Je remercie le rapporteur spécial pour son travail, qui nous permet de compléter la vision de la politique immobilière de l'État avec celle des pouvoirs publics.

M. Jérôme Bascher , rapporteur spécial . - J'indique que j'ai travaillé sur dossier - le confinement ne m'ayant notamment pas permis de me rendre à l'Oppic - mais j'ai reçu tous les éléments d'information nécessaires.

S'agissant du CAS « Gestion du patrimoine immobilier de l'État », il est prévu de vendre un immeuble rue de l'Élysée pour 27 millions d'euros afin de couvrir l'avance.

La fusion entre l'Oppic et l'opérateur qui s'occupe des programmes immobiliers de la justice n'est pas une idée neuve. La création de l'Oppic devait être la première étape. Le ministère de la culture avait vocation à s'occuper de l'ancien palais de justice, notamment en raison de la présence en son sein d'une remarquable chapelle...

Madame Lavarde, si la salle des Conférences du Sénat a été refaite à la feuille d'or, c'est parce que nous prenons le parti de faire à l'identique, même si pour Émile Zola, le style Napoléon III était « le bâtard opulent de tous les styles » !

À l'Élysée, en revanche, effectivement les planchers vont sauter ! Les étages et demi-étages vont être refaits pour y loger notamment les services de sécurité de la présidence de la République. Des appartements ont été supprimés pour en faire des bureaux. Les architectes des Bâtiments de France sont peut-être assez « coulants », alors que dans les collectivités nous avons parfois du mal à nous faire entendre... Même si je n'ai pas d'éléments précis sur les sujets que vous évoquez, je vous assure que l'aile concernée par l'aménagement des bureaux est très peu fonctionnelle et mérite cette rénovation lourde.
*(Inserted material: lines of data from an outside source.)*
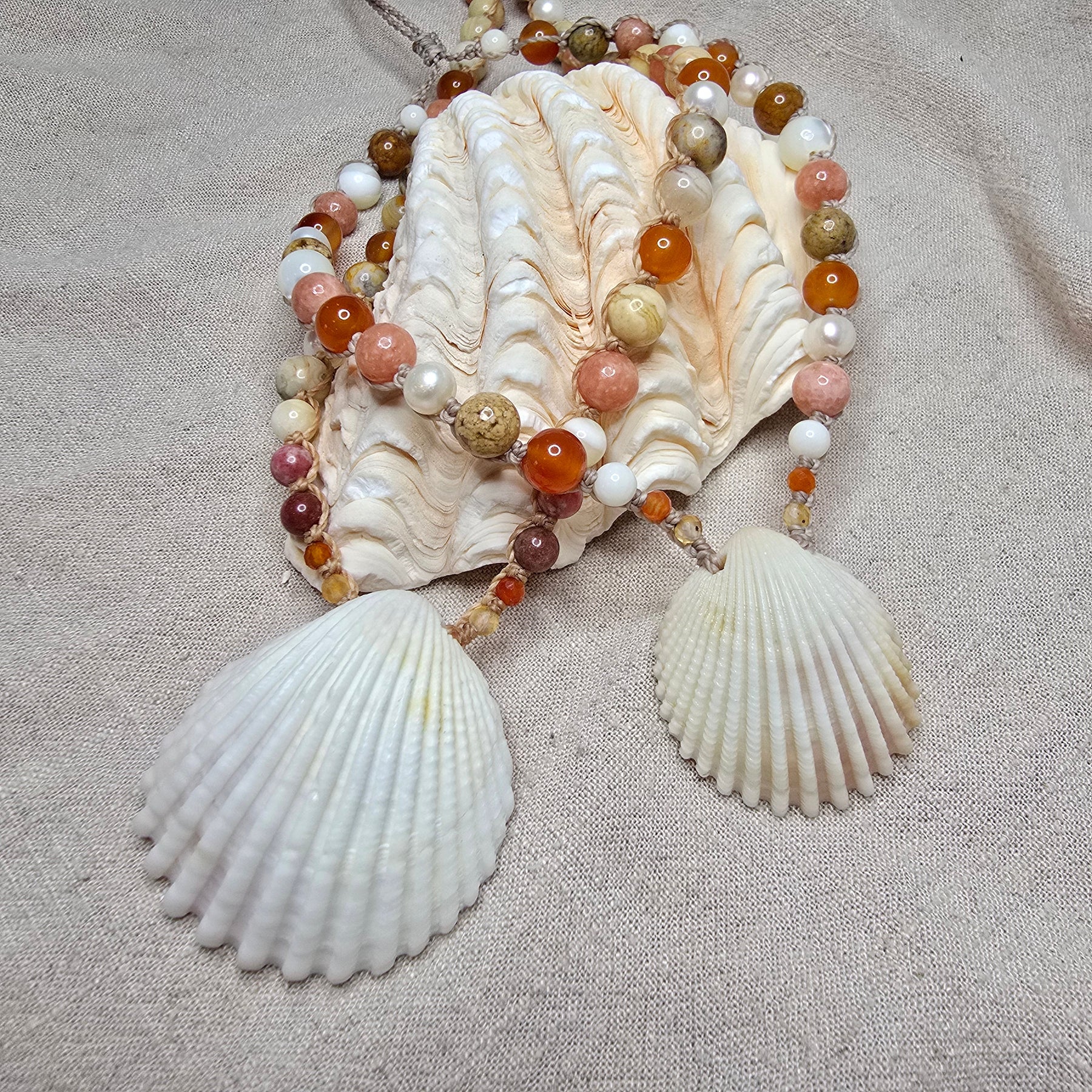 Cockle Shell Necklace Adjustable with Pearls and Rare Ocean Agate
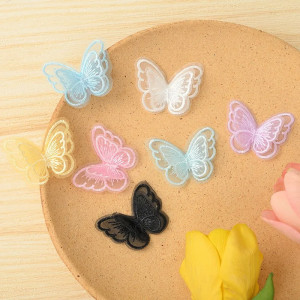 Écussons Papillon Ailes Papillon en Dentelle Double Couche effet 3D - 5x4 cm - Lot de 10 pièces - 5 couleurs au choix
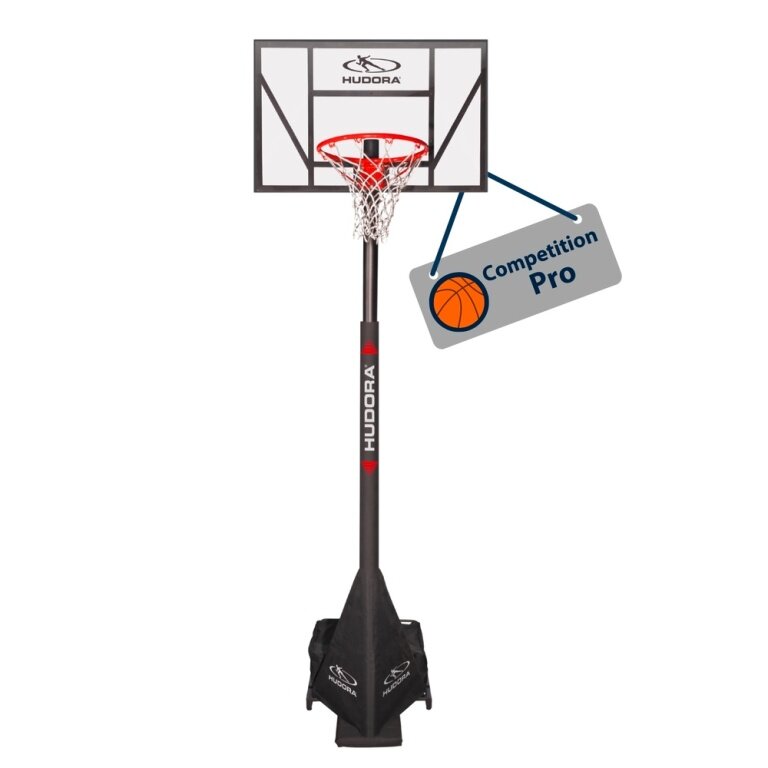 Hudora Basketballständer Competition Pro (höhenverstellbar/fester Stand/Sicher/langlebig) - 230cm-305cm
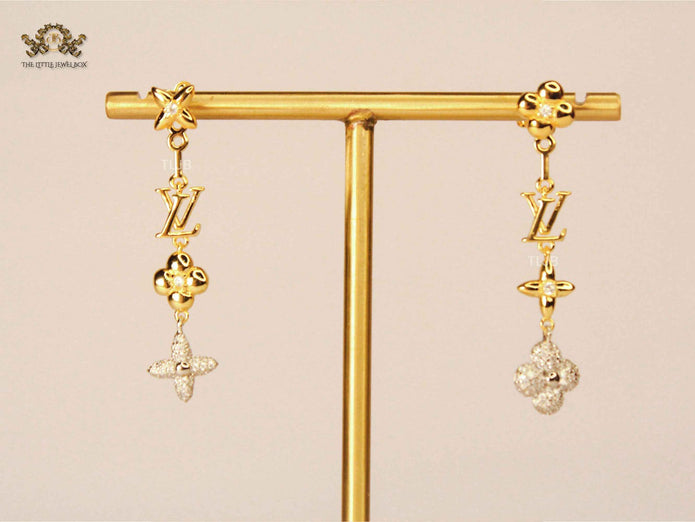 alphabet LV chain charm earrings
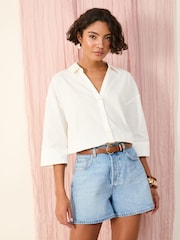 Friends Like These White Petite Linen Look Shirt - Image 1 of 4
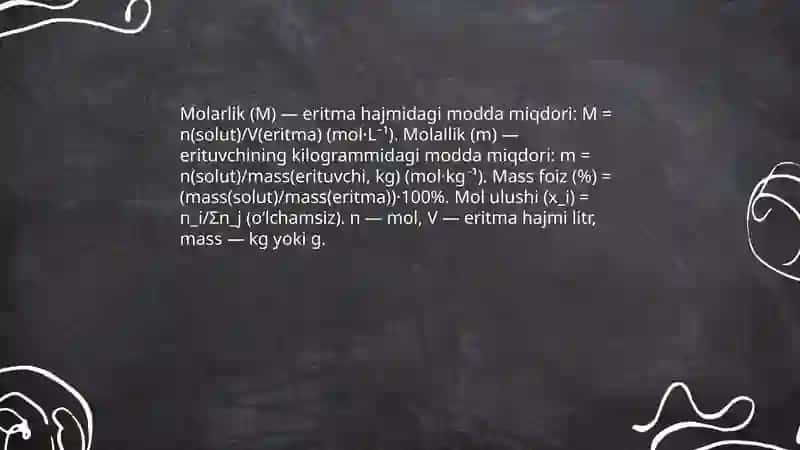 Suyuq eritmalar va ularning konsentiratsiyasi. Raul qonuni. Genri qonuni. Osmotik bosim 4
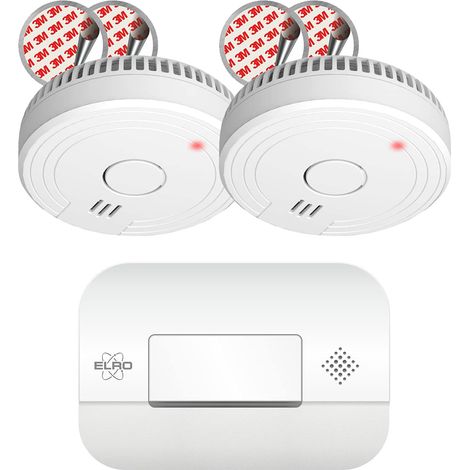 Elro FF1840 Set di protezione Antincendio - Rivelatore di Fumo con attacco magnetico - 5 anni di batteria e Rivelatore di Monossido di Carbonio - 10 anni di sensore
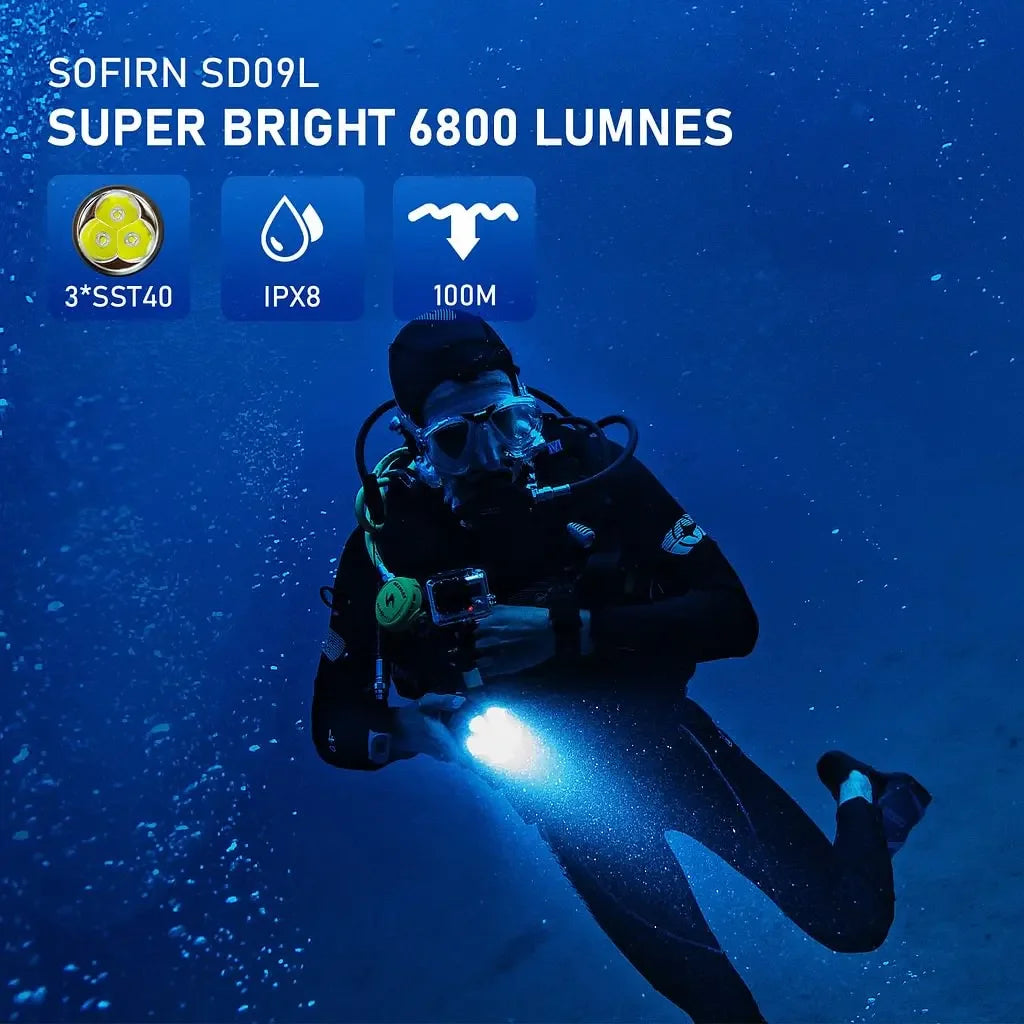New Sofirn Diving Light SD09L SST40 LED Flashlight 6800lm 21700 USB Rechargeable Underwater Waterproof Torch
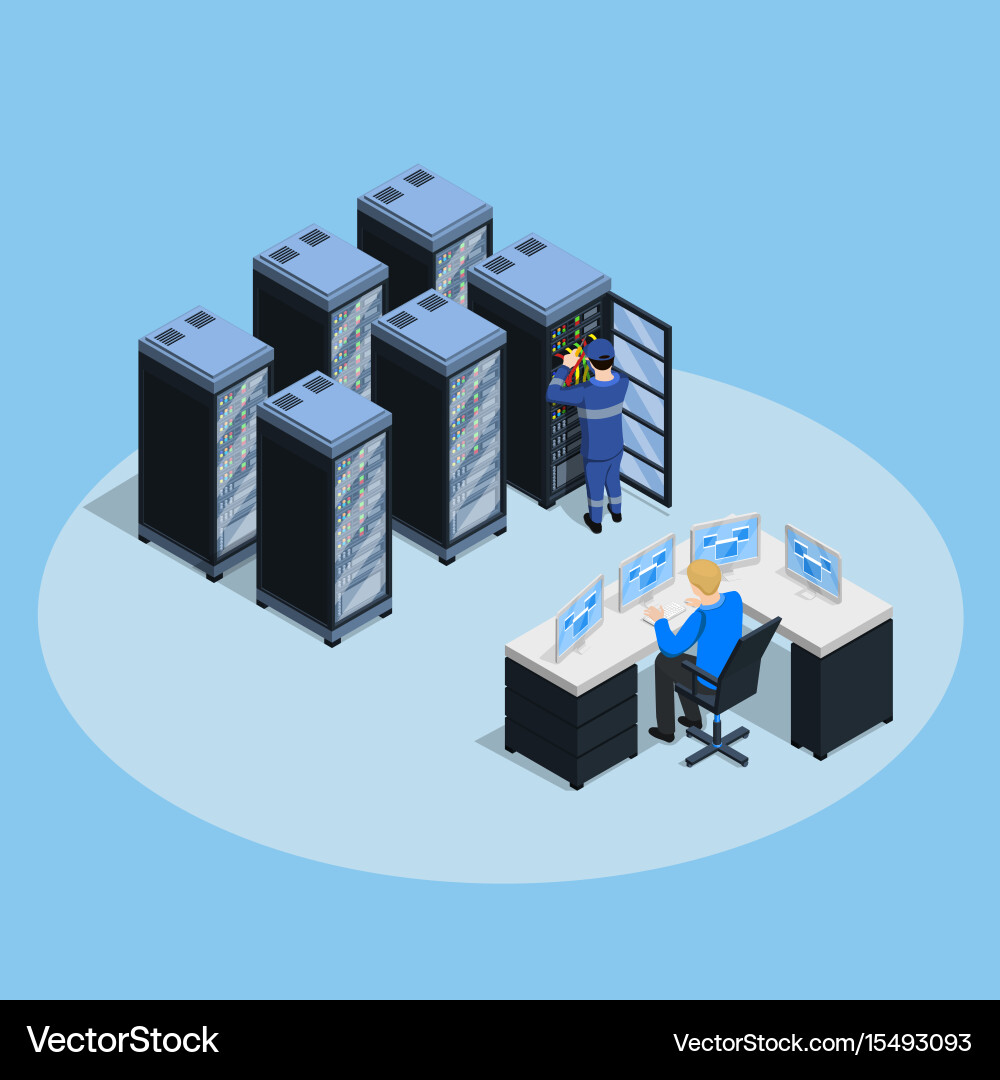 Data center isometric composition Royalty Free Vector Image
L'hôtel de Marigny, qui est le lieu de réception de l'Élysée pour les chefs d'État étrangers, doit également faire l'objet de rénovations : le nombre de chambres est limité au strict nécessaire, d'autant que les visiteurs étrangers préfèrent maintenant loger dans des palaces.

M. Vincent Éblé , président . - Merci pour cette présentation.

La commission a donné acte de sa communication à M. Jérôme Bascher, rapporteur spécial, et en a autorisé la publication sous la forme d'un rapport d'information.